Witch Ida Milkcurdle,
tugging an undersized girdle
found herself in somewhat of a bind.
Her cackling cronies
left to bet on the ponies
and poor Ida was home before nine.

Mistress Heather McPhee
rode a tame honeybee
on currents of warmth and delight.
She arrived with her hive
and kept gossip alive
as she flitted and buzzed through the night.

The food was prepared
in the name of the Laird
by the chief house brownie called Gluttney.
All filled their plates twice
with succulent eyeballs and rice
and fought for the last chigger chutney.

Jamie O’Day
was not one of the fey
but a changeling seized from the cradle.
For five score and ten
he’d not lived among men
as he slaved at the stewpot and ladle.

A stout dwarf named Headbleed
brought his best casks of mead,
fairies brought elderberry and dandelion wine.
Eromus, a huge giant,
corpulent and defiant
came toting a vast vat of moon shine.

A kobold and gnome
namely Mugwort and Crome
were itching and raring to fight.
Far gone in their drink
or too stupid to think
they pounded each other all night.

The fiddlers were three,
Fiir, Fergus, and Fnee,
who strove each to out bow the others.
The tunes that they played
danced the dead from the grave
as jigs and reels screeched from these brothers.

Will ‘o the Wisp
(who had never been kissed)
formed the first fairy ring for the dancing.
Delicate beauty and charm
soon clung to his arm
as nymph Nancy undertook his romancing.

A Dubliner elf,
sat alone by himself
and when handed a glass mumbled “tanks.”
“’Tis tree-tirty”, he said,
and I’m fashed in the head
tae be up late ‘midst ‘a of these pranks.”

The dancing went on
until just before dawn
when some guests, of course, had to fade.
Some, that weren’t able,
crept under the table
and ‘til the next year there they laid.

3 Comments

  1. Sylvia said,

    Brother John,

    Thanks for the great poem, “Ode to Fruit and Veggies”. I really identified with it.
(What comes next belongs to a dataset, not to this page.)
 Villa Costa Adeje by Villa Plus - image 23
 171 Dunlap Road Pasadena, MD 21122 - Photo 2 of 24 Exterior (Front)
I have a membership with an organic farm here. Eydie may be familiar with it…it’s the Spiral Path Farm. You pay a fee that translates to $14 /week for a “medium” share, as opposed to a larger share. I even split this with a friend, and sometimes it’s difficult to eat everything before it goes south.

    I thought about your “ode” this afternoon as I cut up everything that I could find in the fridge before the next delivery on Weds. Yes!! they even deliver to Hershey….so I must do my part and devour every fruit and veggie….not usually a problem. But I was out of town a few days last week.

    So right now, roasting in my oven at 400 degrees are eggplant, peppers, green beans, onions, lots of onions, garlic, summer squash, zuccini, and yukon gold mini potatoes, all bathing in olive oil and balsamic vinegar. Yum!!

    Sylvia

  2. Brother John said,

    Sylvia,
    Yummy indeed! And the Spiral Path Farm sounds like a wonderful place to acquire such goodies. (Wish I had one here in Lansdowne!)

    As to the poem, I love its cyclic nature. From too much (food, pressure to eat food, race against the clock), to not having any of the fresh goodness and needing to ask for a restock. Makes me laugh! 🙂

    Brother John (Blog Master)
    Lansdowne, Pennsylvania USA

  3. L said,

    This is a beautiful page; my first time here. Backgrounds PERFECT with each poem, the poetry of course, impeccable. Would love to see more here. What a talented family you all are!!! From the first time she read it at Coffeehouse, I have been certain Eydie‘s The Fairy (Faerie) Ball is a classic poem, and somehow if the Earth continues will (or ought to) be in the text books with Byron, Shelley, Keats, Poe and the like.